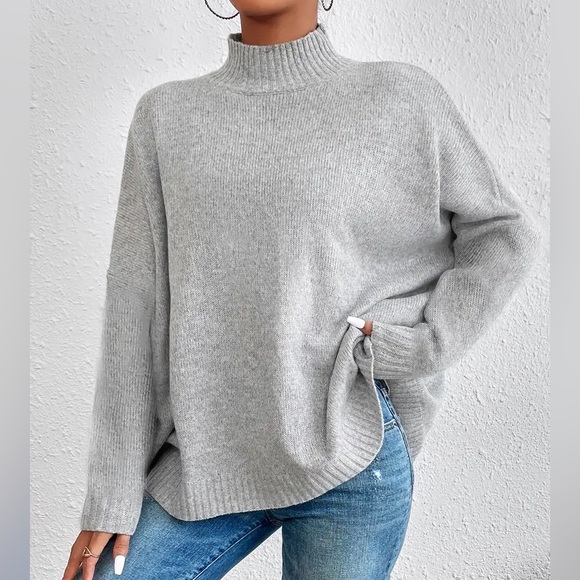 Oversized Poncho Sweater (Great Condition) - Picture 2 of 9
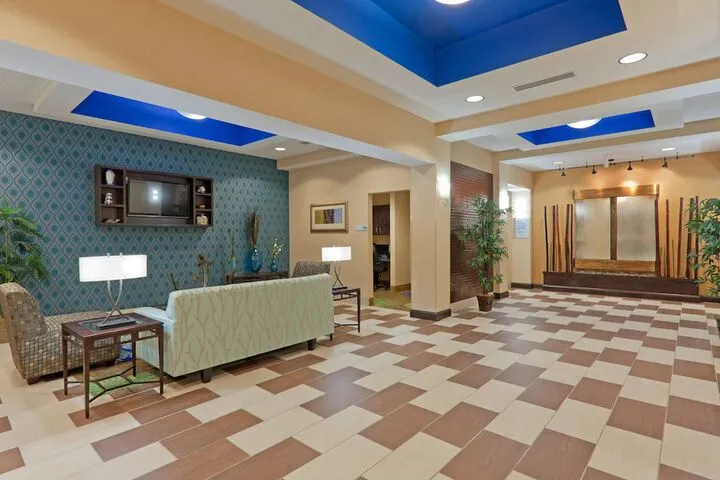 Lobby lounge
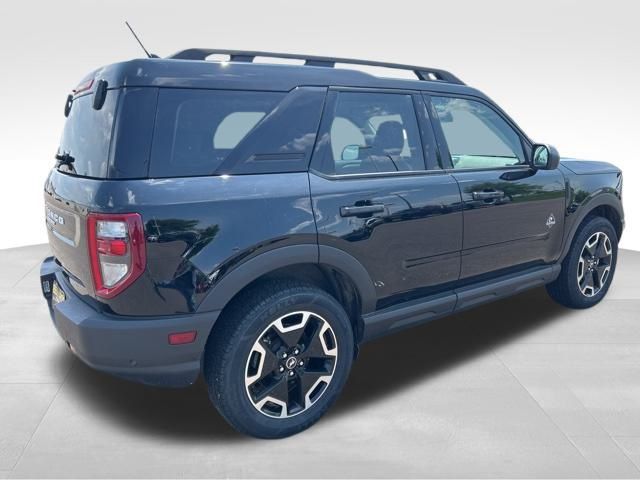 2023 Ford Bronco Sport Outer Banks photo 5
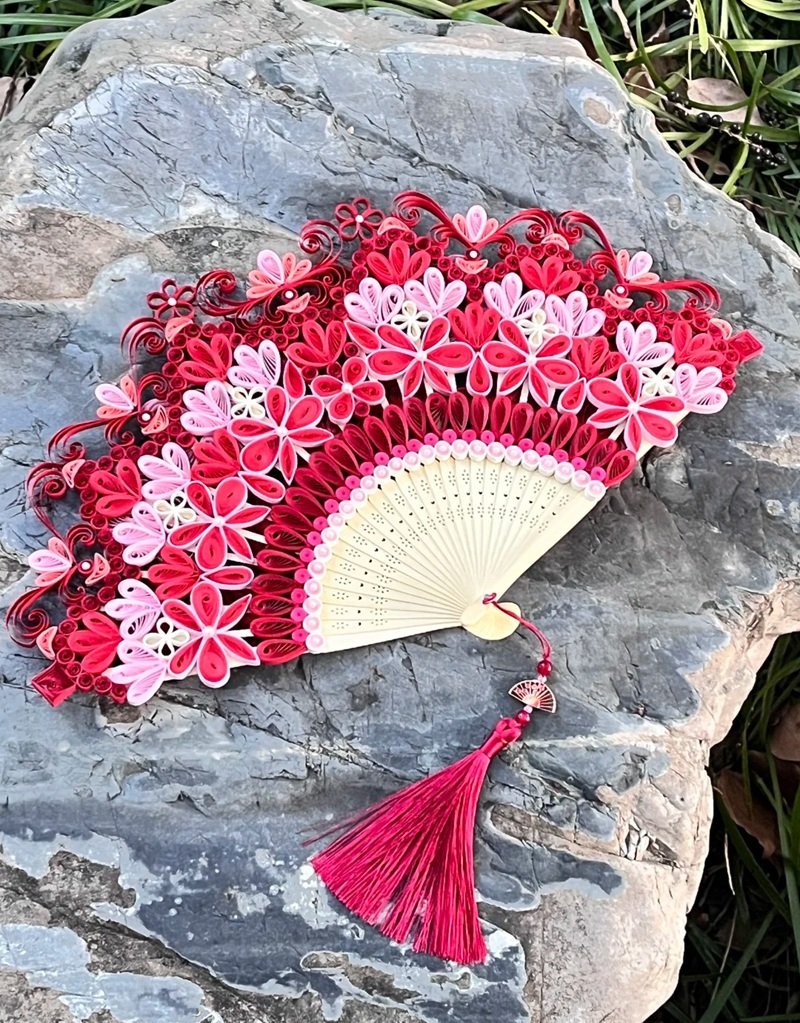 Trang trí quạt giấy màu pastel dịu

══════════════════════════════

◆ **EXERCISE REQUIREMENTS**
Leave out every picture and copy verbatim the lines running from the line containing "2023 Ford Bronco Sport Outer Banks photo 5" through the final line of the data.

◆ **SOLUTION TO THIS PROBLEM**
 2023 Ford Bronco Sport Outer Banks photo 5
 Trang trí quạt giấy màu pastel dịu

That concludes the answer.